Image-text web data

---------------

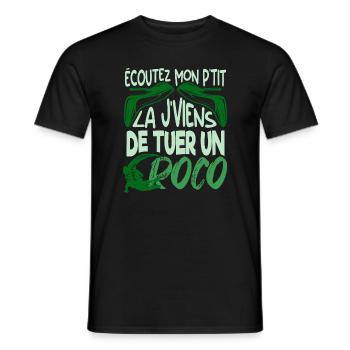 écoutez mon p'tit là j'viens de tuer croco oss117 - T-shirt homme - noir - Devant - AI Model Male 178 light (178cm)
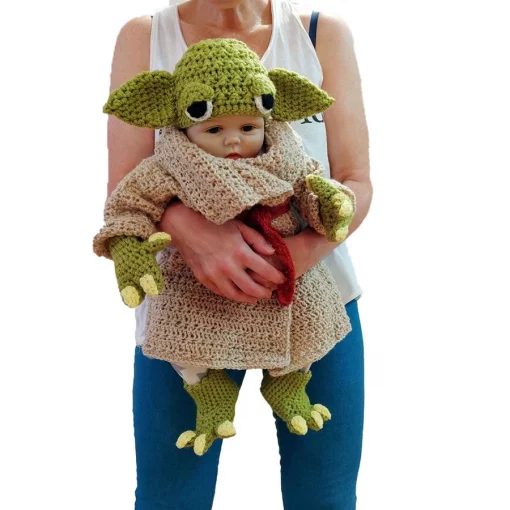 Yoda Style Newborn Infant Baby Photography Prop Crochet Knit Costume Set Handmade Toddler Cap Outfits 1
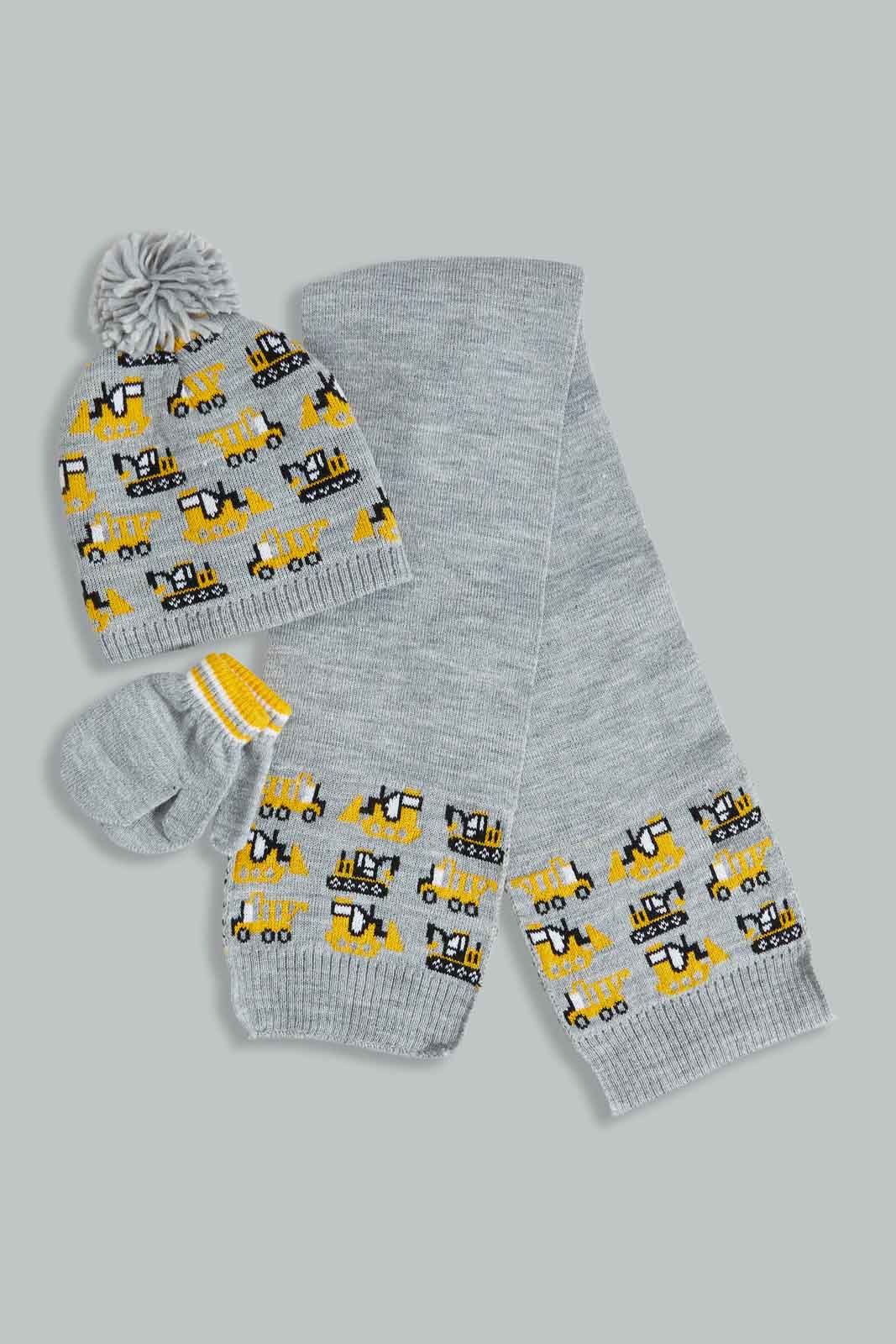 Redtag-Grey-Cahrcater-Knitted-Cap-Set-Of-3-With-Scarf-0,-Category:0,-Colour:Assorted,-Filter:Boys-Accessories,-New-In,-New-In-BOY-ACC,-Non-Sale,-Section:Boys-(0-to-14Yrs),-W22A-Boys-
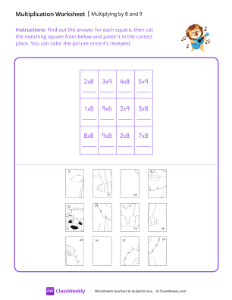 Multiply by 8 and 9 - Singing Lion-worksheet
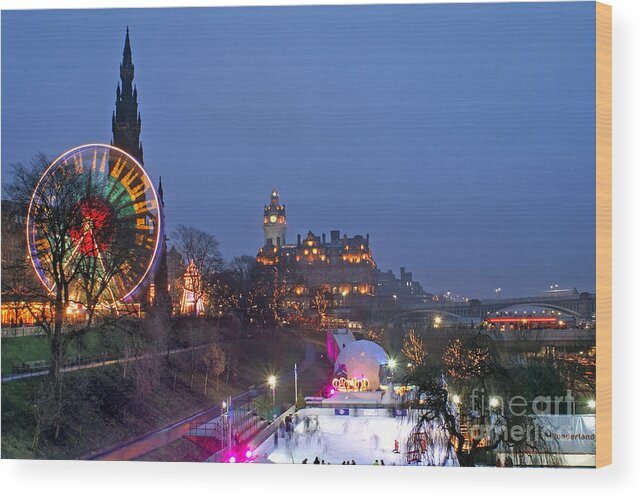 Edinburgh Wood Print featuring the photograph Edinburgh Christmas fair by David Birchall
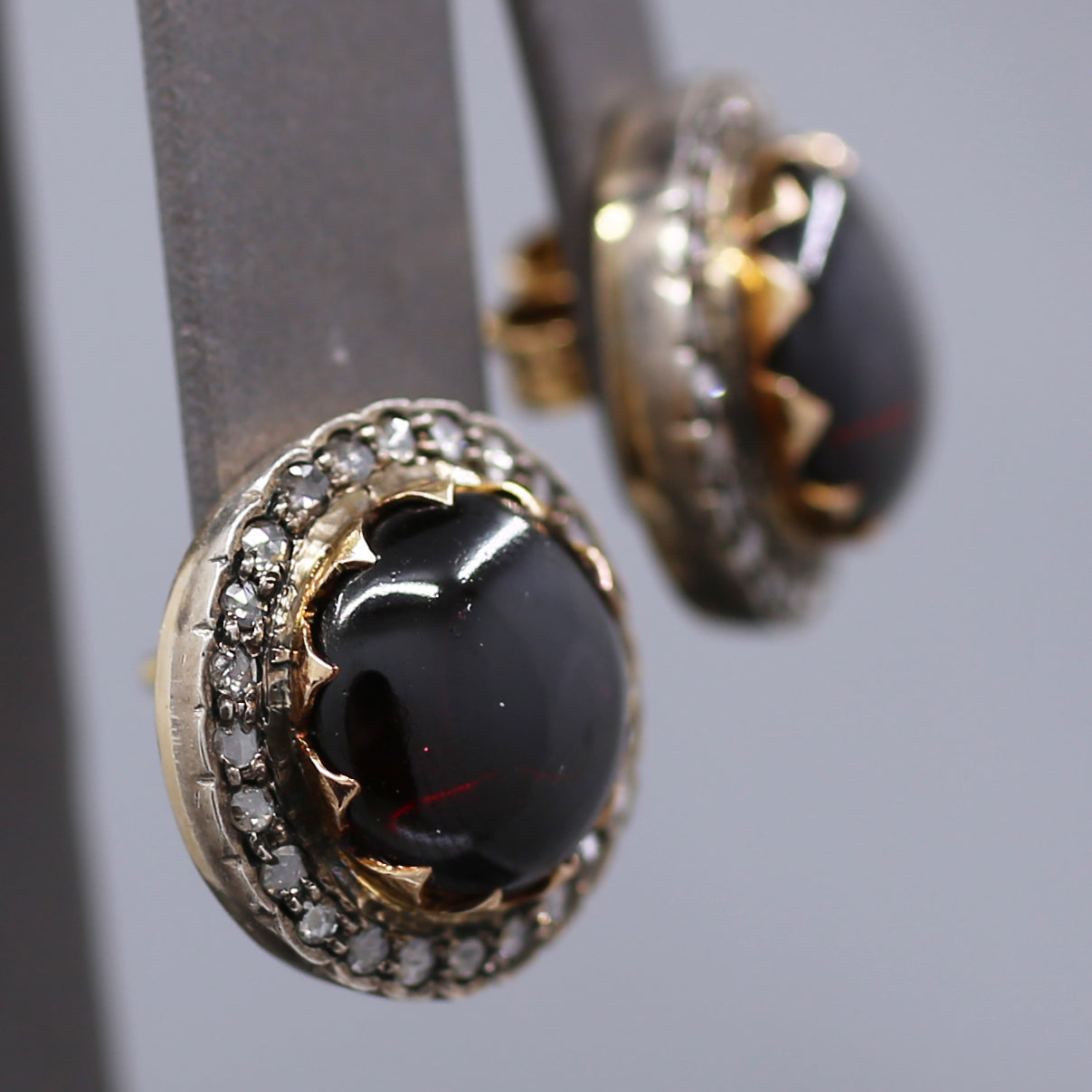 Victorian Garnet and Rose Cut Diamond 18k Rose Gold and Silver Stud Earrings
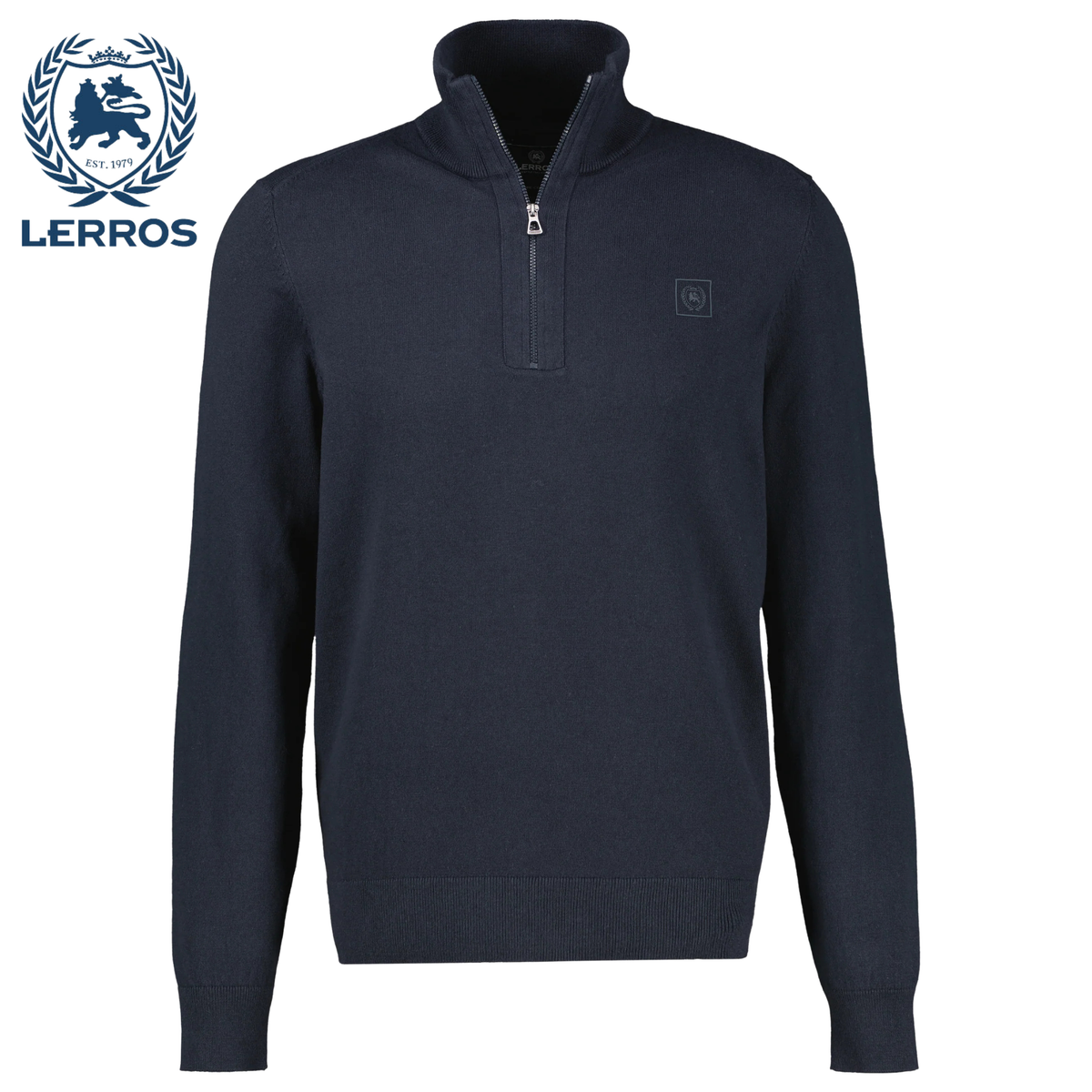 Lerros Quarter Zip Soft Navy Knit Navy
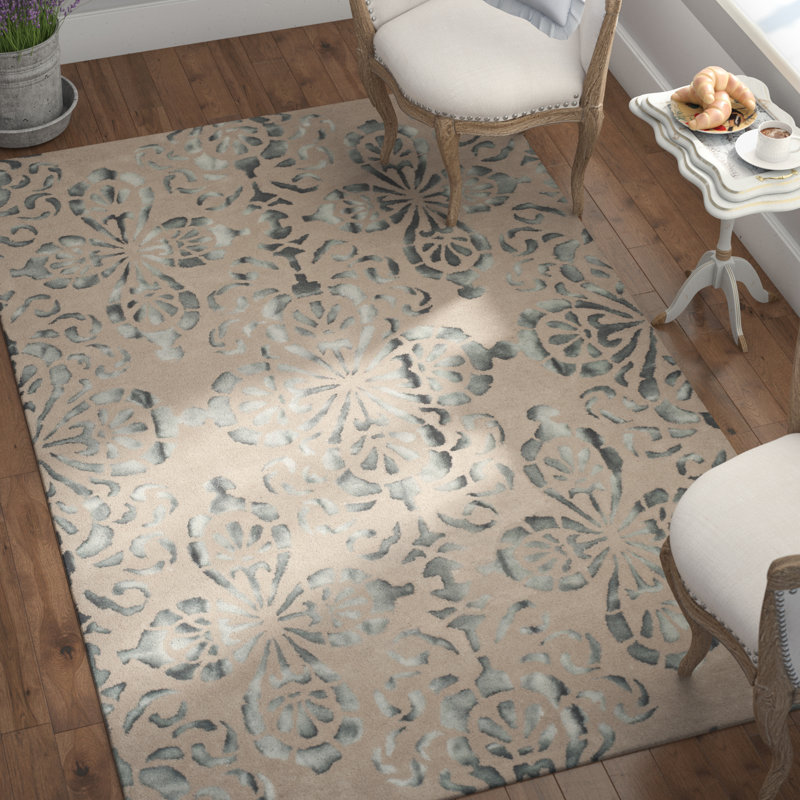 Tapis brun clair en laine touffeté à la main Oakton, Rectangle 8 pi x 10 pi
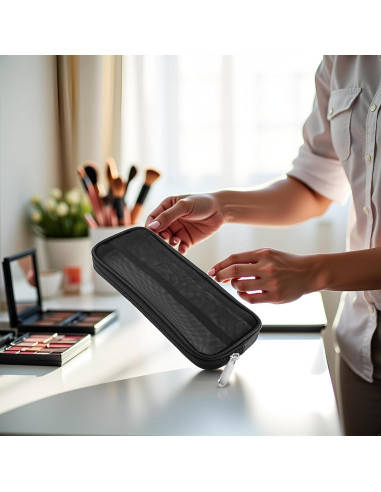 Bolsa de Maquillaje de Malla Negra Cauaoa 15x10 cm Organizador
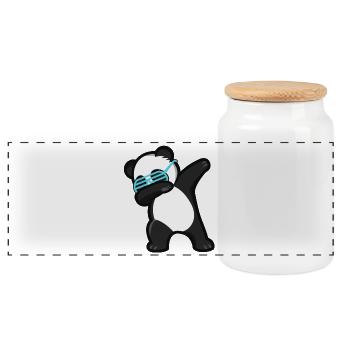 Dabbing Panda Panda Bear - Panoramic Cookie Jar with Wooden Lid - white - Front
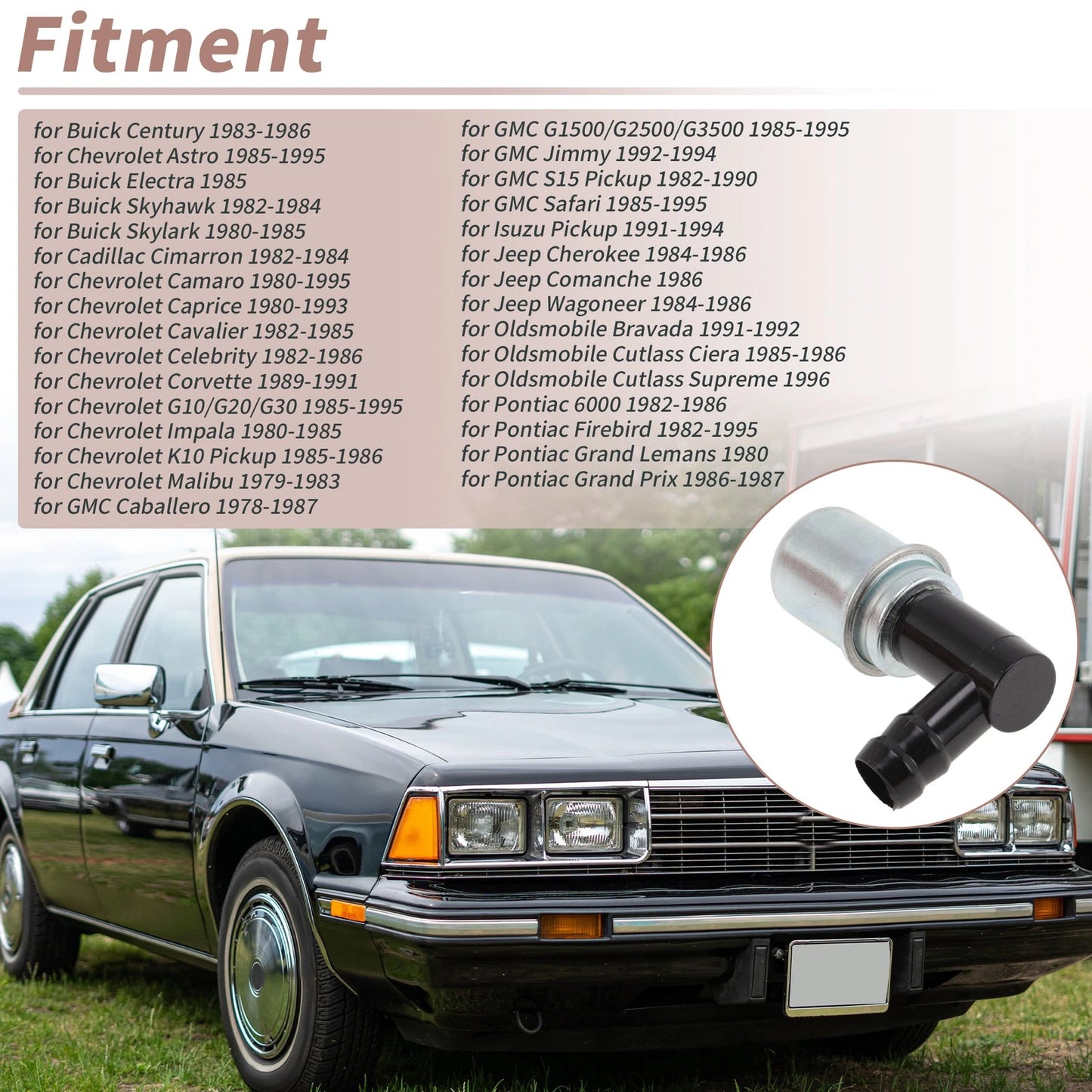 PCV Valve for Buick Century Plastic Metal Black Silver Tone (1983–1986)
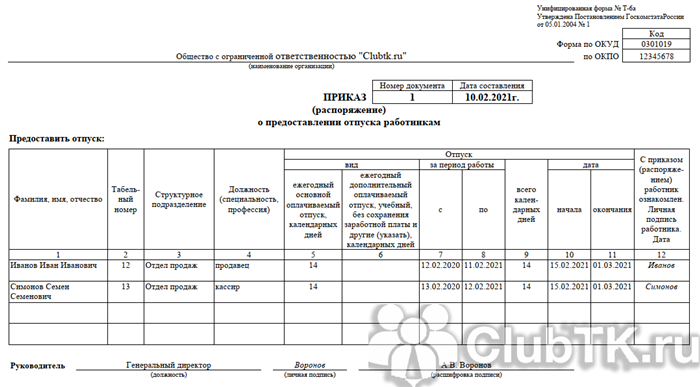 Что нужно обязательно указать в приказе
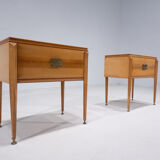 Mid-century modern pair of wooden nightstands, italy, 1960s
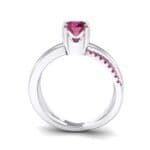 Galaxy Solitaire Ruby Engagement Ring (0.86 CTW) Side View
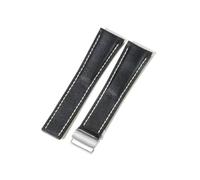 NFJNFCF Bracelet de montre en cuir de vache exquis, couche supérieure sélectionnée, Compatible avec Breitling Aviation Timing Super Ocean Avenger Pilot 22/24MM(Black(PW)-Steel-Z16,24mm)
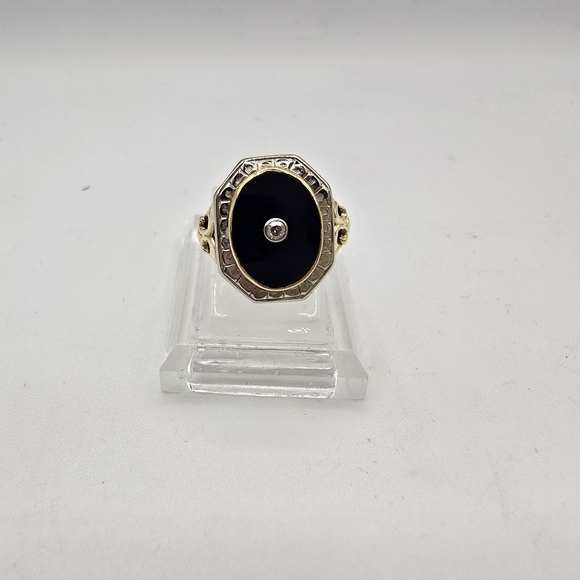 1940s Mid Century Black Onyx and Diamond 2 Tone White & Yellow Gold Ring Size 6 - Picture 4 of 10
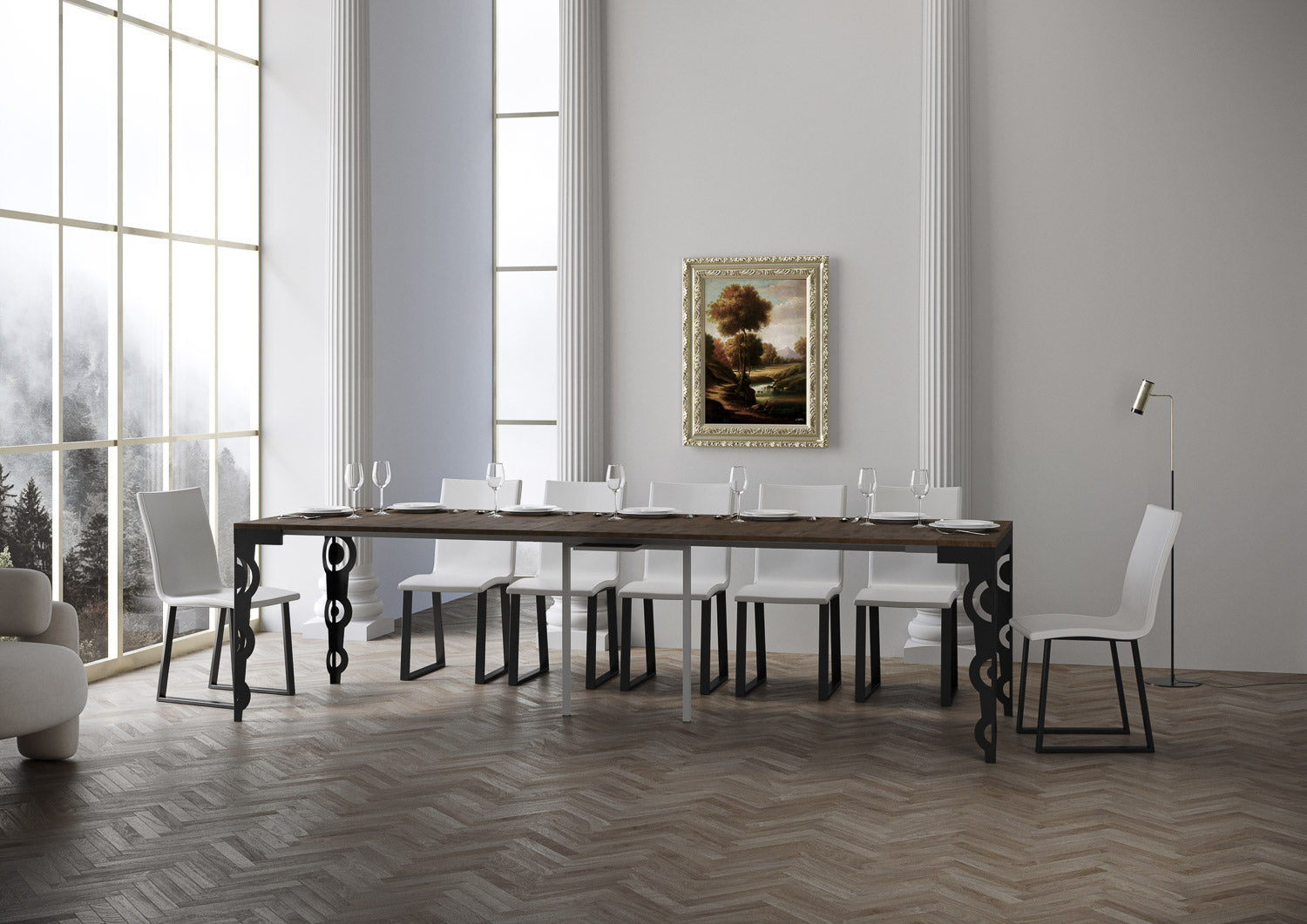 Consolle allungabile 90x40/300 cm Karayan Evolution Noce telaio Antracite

---------------

Each line from the one containing "1940s Mid Century" through the last line of the entries above is to be extracted exactly. Pictures are not part of the copy.

**TASK RESPONSE**:
 1940s Mid Century Black Onyx and Diamond 2 Tone White & Yellow Gold Ring Size 6 - Picture 4 of 10
 Consolle allungabile 90x40/300 cm Karayan Evolution Noce telaio Antracite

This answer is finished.